I’ve never seen a lack of space to sit in the library. I could see how in nice weather, a space for kids to be read to or discuss books would be handy. But what about Bandshell Park across the street for that? It is already there and I’ve never seen it too crowded. A walk over there or from a parking spot would do a little bit in the fight against the obesity epidemic and it’s good for the soul. Crossing a street or alley is something we all have to do someday. It is a dangerous world and I can’t think of a better place to begin to learn how to navigate it than a town like Hampton.

I heard the mayor on the radio this morning talking about the library projects as a responsibility of the city that could compete with street repair. Let’s not forget that the library was built with private money earned through an individual’s ambition. It would further honor the memory of Andrew Carnegie to stay true to that vision and fund additions to the library with private donations. The paved parking lot and courtyard are not necessary infrastructure like the streets, but the wall is.
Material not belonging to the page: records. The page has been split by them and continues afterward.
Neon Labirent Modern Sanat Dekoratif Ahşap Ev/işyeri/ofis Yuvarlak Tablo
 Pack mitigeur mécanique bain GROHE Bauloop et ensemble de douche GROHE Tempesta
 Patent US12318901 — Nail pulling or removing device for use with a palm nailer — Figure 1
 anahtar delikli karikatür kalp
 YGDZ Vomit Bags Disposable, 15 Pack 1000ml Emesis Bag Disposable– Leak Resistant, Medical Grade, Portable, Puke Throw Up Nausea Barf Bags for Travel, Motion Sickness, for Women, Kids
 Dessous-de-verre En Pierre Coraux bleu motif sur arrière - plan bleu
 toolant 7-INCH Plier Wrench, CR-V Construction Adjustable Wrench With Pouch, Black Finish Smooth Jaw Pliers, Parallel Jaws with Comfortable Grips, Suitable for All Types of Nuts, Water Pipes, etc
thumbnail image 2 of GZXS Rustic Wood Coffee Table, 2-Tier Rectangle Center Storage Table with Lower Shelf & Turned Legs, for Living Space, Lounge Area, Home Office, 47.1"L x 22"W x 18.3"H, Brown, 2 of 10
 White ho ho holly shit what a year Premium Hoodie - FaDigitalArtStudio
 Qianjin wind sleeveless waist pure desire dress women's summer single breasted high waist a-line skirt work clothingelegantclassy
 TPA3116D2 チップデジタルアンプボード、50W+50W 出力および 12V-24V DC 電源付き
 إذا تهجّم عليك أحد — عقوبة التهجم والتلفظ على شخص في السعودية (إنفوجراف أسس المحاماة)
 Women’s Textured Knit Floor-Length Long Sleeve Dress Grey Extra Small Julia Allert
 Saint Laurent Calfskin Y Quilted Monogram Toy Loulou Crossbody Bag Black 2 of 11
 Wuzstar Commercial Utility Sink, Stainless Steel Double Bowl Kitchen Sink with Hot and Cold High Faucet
The story of the Mexican in the alley is as good an example of our bizarre legal system as any. A citizen of Mexico, here illegally, is imprisoned for a year because it is illegal for an illegal immigrant to possess a firearm. Instead of deporting the man we pay his room and board for a year, then three years of babysitting called supervised release? It sounds to me like he is a dangerous individual that hasn’t gone through the right channels to live in the U.S. His first crime was being here. The gun crime got him caught.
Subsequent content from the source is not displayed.